* **WHAT IS REQUIRED**: Please give back only the lines below from the one containing "a living room with furniture a flat" to the one containing "Elegant gold flower", each repeated word for word, both ends included.

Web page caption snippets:

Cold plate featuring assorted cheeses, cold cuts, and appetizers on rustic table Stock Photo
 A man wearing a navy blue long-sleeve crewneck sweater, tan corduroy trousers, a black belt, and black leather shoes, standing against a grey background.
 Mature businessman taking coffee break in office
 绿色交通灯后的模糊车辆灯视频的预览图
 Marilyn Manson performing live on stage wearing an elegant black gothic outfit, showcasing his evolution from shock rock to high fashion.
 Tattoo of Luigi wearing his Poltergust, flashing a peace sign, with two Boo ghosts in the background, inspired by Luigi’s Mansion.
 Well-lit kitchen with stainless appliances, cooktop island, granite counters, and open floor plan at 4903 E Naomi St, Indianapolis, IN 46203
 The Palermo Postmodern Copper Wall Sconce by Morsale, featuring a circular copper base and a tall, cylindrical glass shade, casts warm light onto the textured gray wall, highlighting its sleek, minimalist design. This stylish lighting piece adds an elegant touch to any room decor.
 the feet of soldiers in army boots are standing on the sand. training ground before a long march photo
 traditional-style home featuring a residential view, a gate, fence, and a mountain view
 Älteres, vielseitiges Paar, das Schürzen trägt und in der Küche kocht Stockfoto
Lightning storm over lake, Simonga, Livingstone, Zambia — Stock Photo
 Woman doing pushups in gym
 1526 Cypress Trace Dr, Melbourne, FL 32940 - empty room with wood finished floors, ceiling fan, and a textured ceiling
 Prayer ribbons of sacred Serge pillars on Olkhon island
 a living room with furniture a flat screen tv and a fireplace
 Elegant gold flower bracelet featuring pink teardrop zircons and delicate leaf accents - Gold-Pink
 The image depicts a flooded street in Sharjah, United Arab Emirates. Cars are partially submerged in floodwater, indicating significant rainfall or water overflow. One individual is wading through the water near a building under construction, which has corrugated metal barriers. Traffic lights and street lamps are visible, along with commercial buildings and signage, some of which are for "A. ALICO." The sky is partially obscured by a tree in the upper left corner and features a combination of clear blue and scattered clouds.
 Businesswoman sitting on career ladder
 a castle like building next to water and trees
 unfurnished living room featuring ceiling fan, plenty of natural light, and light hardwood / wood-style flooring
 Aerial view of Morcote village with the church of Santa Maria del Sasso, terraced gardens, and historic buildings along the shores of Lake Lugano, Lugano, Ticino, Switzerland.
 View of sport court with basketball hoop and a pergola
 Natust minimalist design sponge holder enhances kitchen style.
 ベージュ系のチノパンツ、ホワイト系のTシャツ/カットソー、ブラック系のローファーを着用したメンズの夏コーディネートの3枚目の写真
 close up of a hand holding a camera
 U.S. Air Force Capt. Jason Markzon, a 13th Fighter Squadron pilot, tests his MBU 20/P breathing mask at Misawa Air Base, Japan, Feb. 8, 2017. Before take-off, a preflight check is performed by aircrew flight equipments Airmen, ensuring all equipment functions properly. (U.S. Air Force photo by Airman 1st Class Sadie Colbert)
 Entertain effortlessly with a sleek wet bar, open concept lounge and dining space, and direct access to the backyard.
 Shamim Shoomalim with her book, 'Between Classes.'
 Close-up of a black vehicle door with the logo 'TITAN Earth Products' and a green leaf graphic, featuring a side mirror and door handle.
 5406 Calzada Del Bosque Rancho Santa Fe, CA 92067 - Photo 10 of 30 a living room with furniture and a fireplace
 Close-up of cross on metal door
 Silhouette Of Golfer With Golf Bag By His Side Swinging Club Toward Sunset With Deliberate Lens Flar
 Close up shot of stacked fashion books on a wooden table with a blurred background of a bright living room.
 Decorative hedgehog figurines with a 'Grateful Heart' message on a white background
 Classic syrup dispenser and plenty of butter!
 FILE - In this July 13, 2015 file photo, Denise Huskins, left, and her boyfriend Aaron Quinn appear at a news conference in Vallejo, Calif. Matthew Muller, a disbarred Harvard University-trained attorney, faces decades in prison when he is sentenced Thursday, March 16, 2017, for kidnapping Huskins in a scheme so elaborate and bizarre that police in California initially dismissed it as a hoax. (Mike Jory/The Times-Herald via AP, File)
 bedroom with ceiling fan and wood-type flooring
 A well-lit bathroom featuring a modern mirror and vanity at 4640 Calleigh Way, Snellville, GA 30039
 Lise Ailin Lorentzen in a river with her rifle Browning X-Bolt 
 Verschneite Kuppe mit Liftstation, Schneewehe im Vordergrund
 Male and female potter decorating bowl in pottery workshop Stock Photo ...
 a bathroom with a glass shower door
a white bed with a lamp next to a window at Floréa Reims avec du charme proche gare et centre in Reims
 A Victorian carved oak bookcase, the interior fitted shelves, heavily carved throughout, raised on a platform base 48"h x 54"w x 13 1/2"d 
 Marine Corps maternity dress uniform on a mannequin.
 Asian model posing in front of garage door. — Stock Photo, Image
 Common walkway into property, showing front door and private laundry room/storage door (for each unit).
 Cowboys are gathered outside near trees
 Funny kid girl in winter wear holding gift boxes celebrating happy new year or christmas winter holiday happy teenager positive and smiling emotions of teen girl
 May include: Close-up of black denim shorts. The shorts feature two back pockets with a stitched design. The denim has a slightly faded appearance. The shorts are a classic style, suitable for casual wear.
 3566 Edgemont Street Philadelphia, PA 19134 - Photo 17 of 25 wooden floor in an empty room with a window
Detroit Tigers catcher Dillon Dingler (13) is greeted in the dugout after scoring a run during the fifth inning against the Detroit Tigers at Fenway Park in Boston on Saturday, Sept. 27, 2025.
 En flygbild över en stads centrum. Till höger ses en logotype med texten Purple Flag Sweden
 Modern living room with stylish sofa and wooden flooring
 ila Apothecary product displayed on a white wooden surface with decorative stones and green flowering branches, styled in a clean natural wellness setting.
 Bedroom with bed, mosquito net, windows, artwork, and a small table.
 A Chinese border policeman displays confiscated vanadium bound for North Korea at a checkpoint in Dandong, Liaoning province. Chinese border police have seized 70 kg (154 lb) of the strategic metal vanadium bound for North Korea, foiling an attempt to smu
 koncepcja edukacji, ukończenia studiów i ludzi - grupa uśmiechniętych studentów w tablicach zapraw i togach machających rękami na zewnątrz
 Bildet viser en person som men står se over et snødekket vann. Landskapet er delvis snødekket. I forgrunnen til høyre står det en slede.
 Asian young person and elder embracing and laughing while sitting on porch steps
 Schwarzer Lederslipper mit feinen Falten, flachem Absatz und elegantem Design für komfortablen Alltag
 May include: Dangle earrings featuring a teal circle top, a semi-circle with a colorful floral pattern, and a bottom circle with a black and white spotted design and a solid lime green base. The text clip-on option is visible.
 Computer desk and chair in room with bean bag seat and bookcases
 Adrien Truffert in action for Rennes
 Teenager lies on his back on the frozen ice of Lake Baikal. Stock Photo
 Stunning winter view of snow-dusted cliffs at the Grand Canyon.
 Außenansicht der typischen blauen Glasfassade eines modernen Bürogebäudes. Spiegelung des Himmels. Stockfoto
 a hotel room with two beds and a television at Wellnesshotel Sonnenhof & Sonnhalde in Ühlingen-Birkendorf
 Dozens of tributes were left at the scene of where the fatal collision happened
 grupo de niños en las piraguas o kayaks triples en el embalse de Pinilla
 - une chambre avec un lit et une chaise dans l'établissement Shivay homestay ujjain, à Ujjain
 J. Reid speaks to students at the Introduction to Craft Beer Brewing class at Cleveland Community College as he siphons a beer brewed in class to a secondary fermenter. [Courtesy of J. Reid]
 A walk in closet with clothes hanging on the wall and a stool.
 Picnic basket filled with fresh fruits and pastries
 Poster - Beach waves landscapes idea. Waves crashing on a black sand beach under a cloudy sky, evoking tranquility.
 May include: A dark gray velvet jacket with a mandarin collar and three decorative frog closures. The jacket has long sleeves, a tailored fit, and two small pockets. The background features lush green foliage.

* **ANSWER BELOW**:
 a living room with furniture a flat screen tv and a fireplace
 Elegant gold flower bracelet featuring pink teardrop zircons and delicate leaf accents - Gold-Pink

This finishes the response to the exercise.